Everything in the data should be repeated exactly, save for the images.
+++ GIVEN MATERIAL +++
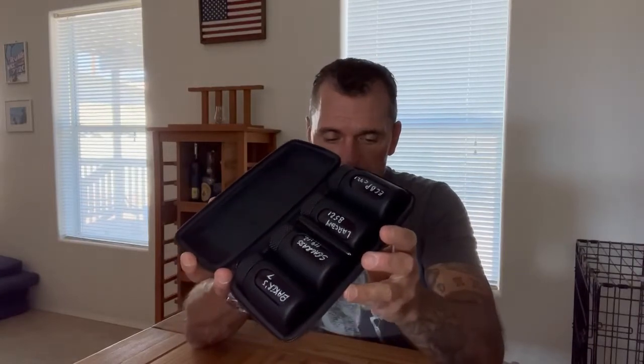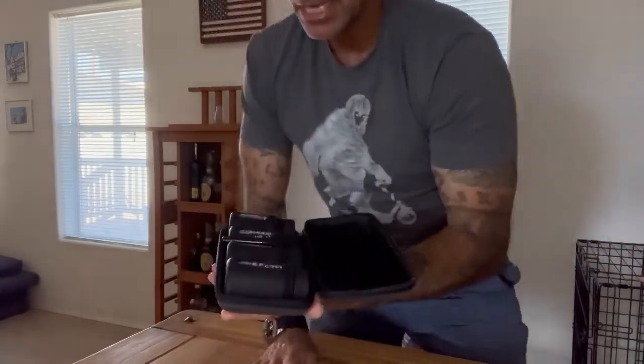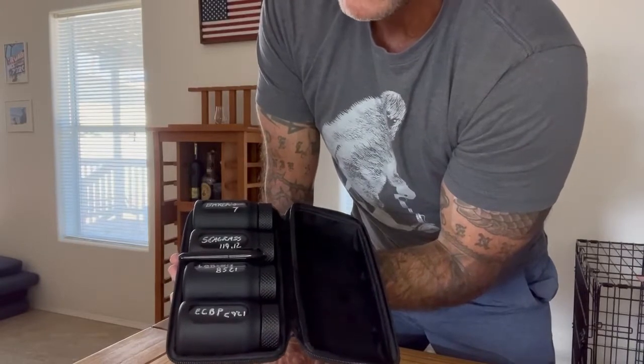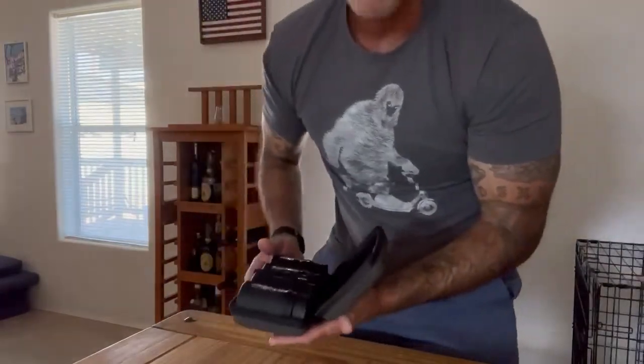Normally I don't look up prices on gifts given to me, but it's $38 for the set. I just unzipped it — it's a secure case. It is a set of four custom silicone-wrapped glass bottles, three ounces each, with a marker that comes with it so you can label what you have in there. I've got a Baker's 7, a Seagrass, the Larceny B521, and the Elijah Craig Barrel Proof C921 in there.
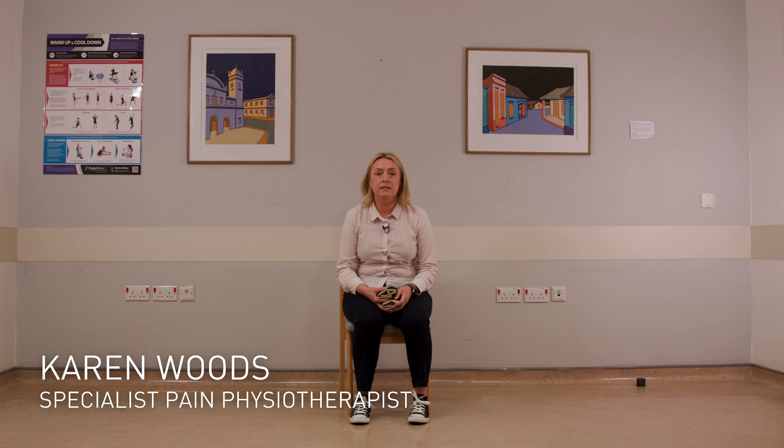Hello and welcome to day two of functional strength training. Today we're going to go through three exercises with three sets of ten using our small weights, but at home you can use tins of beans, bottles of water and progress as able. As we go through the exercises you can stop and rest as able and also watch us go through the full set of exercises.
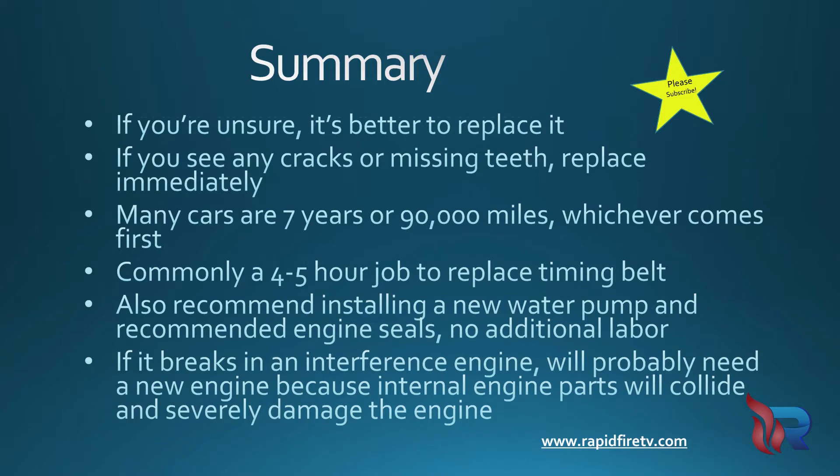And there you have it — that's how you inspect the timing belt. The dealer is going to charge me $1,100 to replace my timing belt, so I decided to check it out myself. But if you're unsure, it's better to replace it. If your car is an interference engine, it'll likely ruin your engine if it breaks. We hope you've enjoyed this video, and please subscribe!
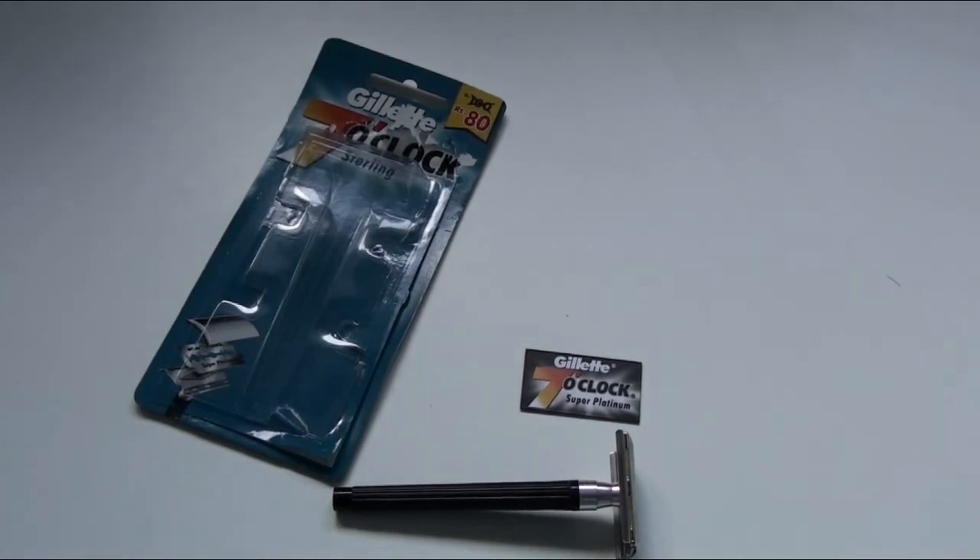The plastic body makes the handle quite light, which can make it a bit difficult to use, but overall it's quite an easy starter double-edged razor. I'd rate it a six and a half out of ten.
+++
• **ANSWER TO THE PROBLEM**
Normally I don't look up prices on gifts given to me, but it's $38 for the set. I just unzipped it — it's a secure case. It is a set of four custom silicone-wrapped glass bottles, three ounces each, with a marker that comes with it so you can label what you have in there. I've got a Baker's 7, a Seagrass, the Larceny B521, and the Elijah Craig Barrel Proof C921 in there.
Hello and welcome to day two of functional strength training. Today we're going to go through three exercises with three sets of ten using our small weights, but at home you can use tins of beans, bottles of water and progress as able. As we go through the exercises you can stop and rest as able and also watch us go through the full set of exercises.
And there you have it — that's how you inspect the timing belt. The dealer is going to charge me $1,100 to replace my timing belt, so I decided to check it out myself. But if you're unsure, it's better to replace it. If your car is an interference engine, it'll likely ruin your engine if it breaks. We hope you've enjoyed this video, and please subscribe!
The plastic body makes the handle quite light, which can make it a bit difficult to use, but overall it's quite an easy starter double-edged razor. I'd rate it a six and a half out of ten.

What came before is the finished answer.